BEGIN
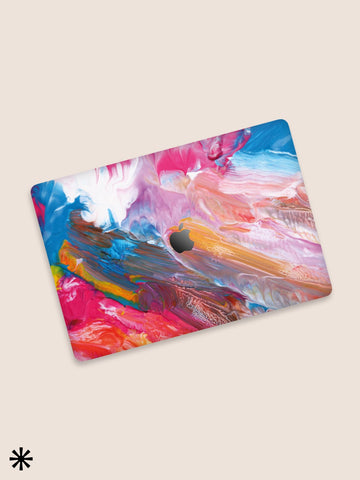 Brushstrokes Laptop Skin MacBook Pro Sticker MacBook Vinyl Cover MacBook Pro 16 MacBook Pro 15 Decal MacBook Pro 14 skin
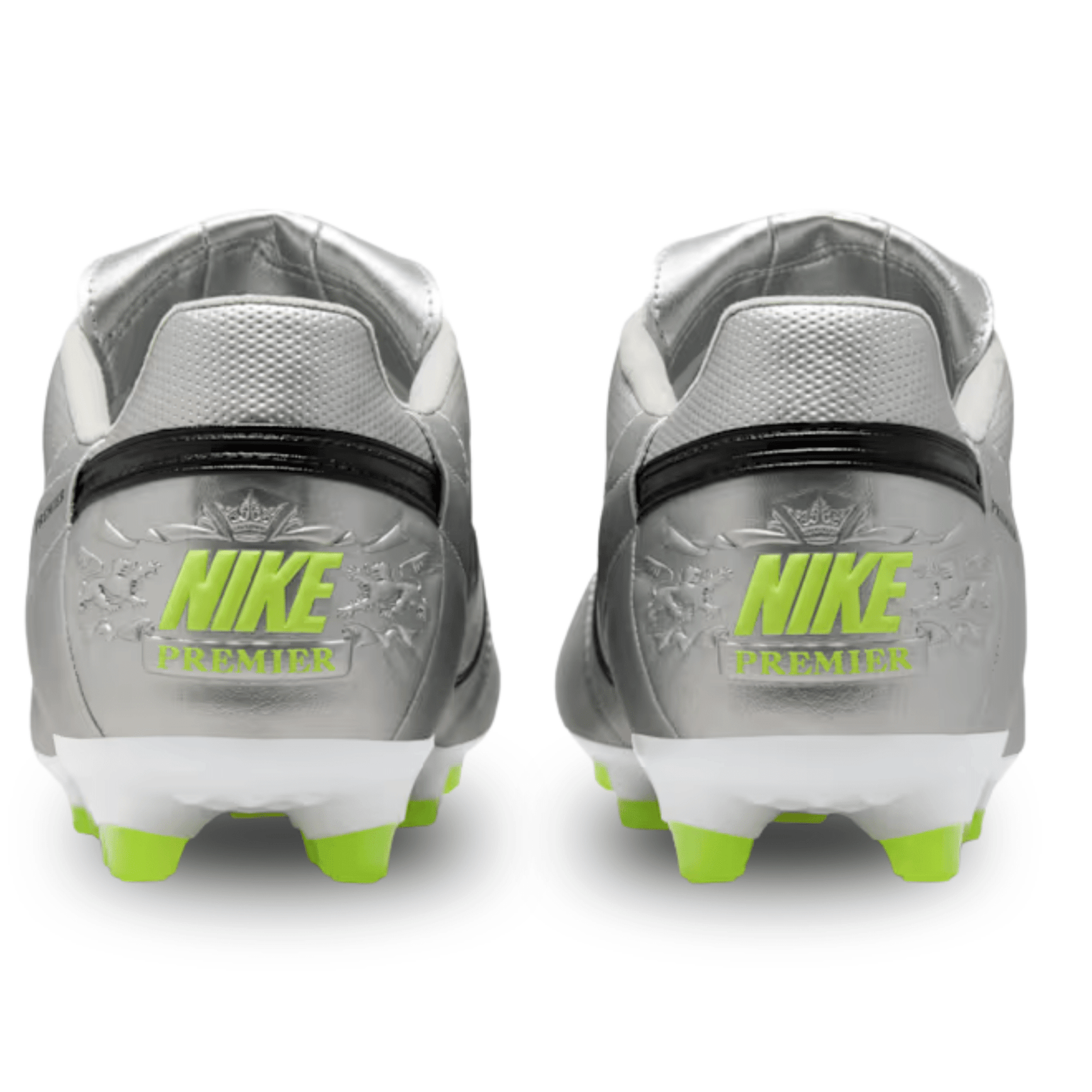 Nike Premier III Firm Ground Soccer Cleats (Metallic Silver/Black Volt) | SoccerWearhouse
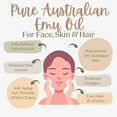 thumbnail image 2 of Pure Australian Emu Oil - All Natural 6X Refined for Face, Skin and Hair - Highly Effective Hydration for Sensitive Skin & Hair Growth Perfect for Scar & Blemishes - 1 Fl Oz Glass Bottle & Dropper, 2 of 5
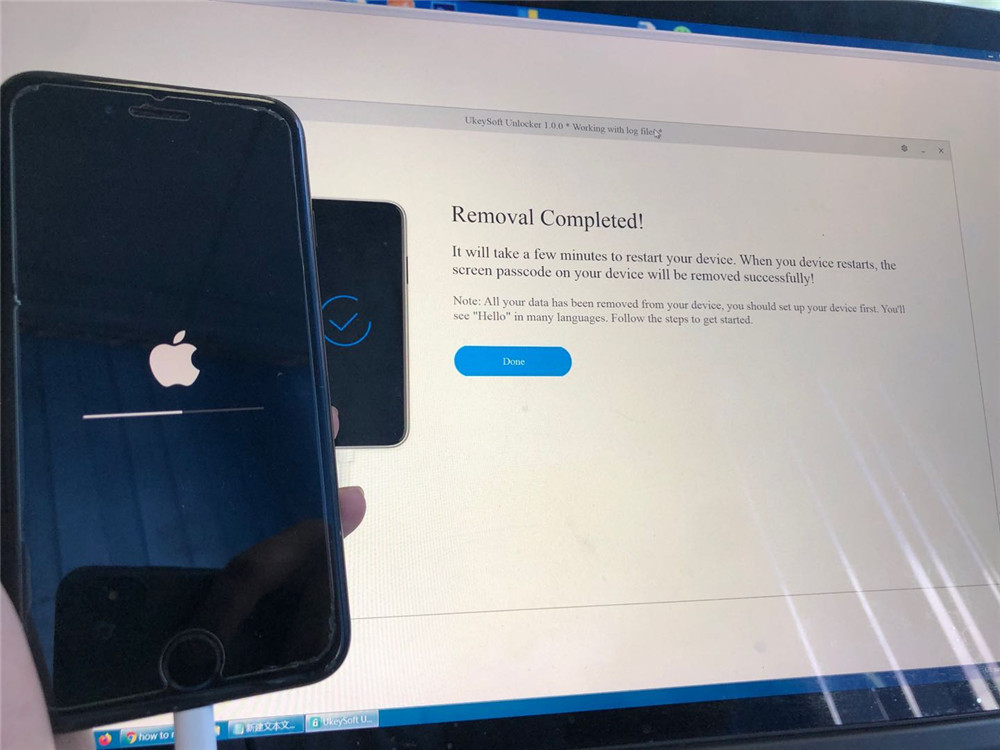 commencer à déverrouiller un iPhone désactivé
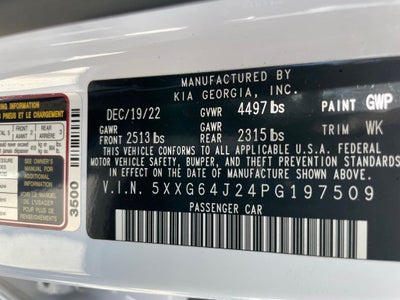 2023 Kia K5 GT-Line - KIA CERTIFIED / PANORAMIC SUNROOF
END
BEGIN
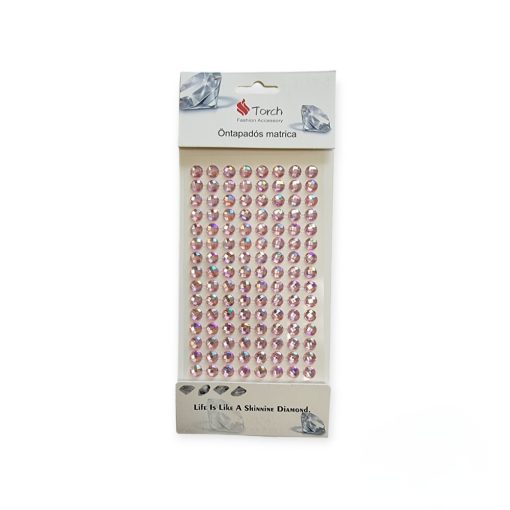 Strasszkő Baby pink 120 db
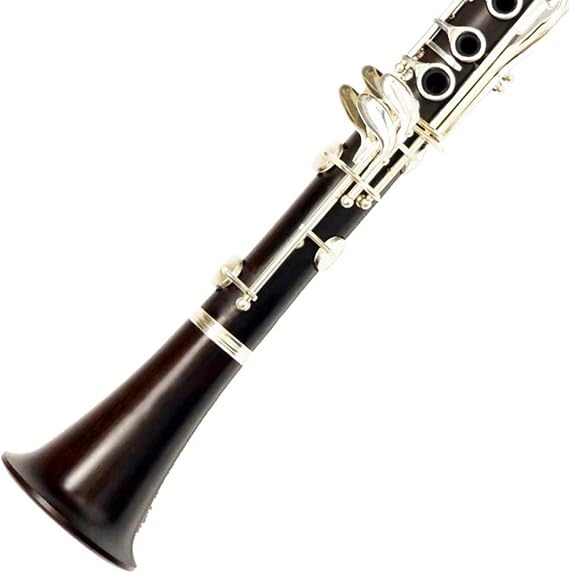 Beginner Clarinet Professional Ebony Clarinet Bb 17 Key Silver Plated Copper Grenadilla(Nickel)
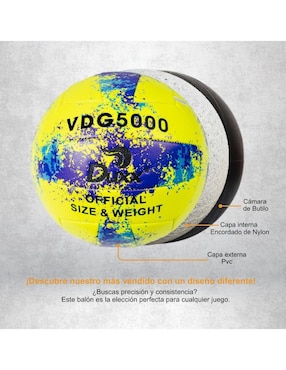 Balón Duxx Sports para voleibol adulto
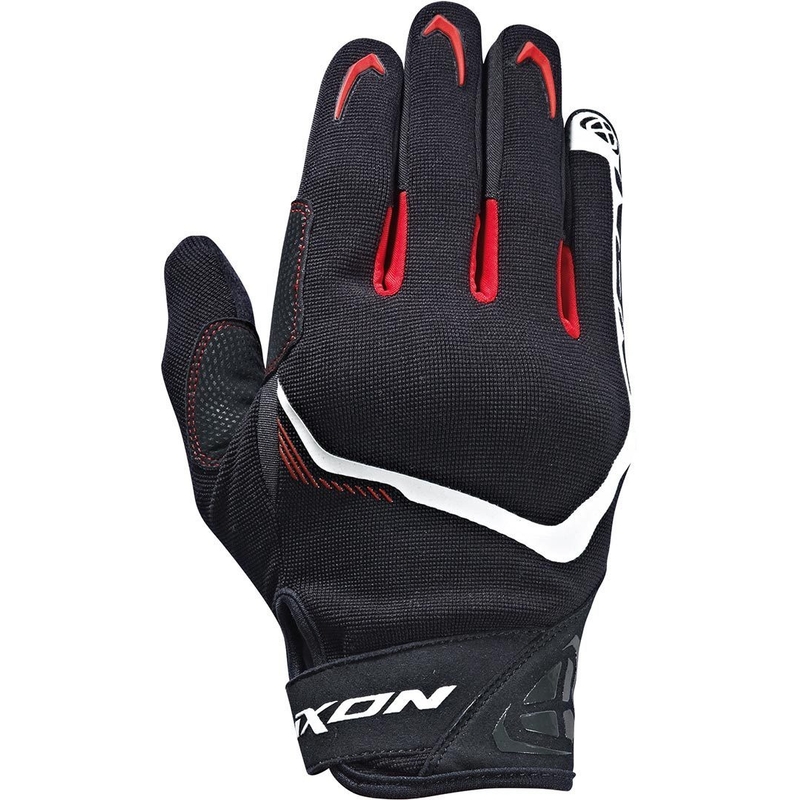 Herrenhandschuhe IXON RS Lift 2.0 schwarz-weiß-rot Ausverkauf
END
• TASK OBJECTIVE
Repeat exactly the lines above, from the line that contains "thumbnail image 2" down through the line that contains "2023 Kia K5". Include both of those lines and none of the pictures.

• OUTPUT OF THE TASK
 thumbnail image 2 of Pure Australian Emu Oil - All Natural 6X Refined for Face, Skin and Hair - Highly Effective Hydration for Sensitive Skin & Hair Growth Perfect for Scar & Blemishes - 1 Fl Oz Glass Bottle & Dropper, 2 of 5
 commencer à déverrouiller un iPhone désactivé
 2023 Kia K5 GT-Line - KIA CERTIFIED / PANORAMIC SUNROOF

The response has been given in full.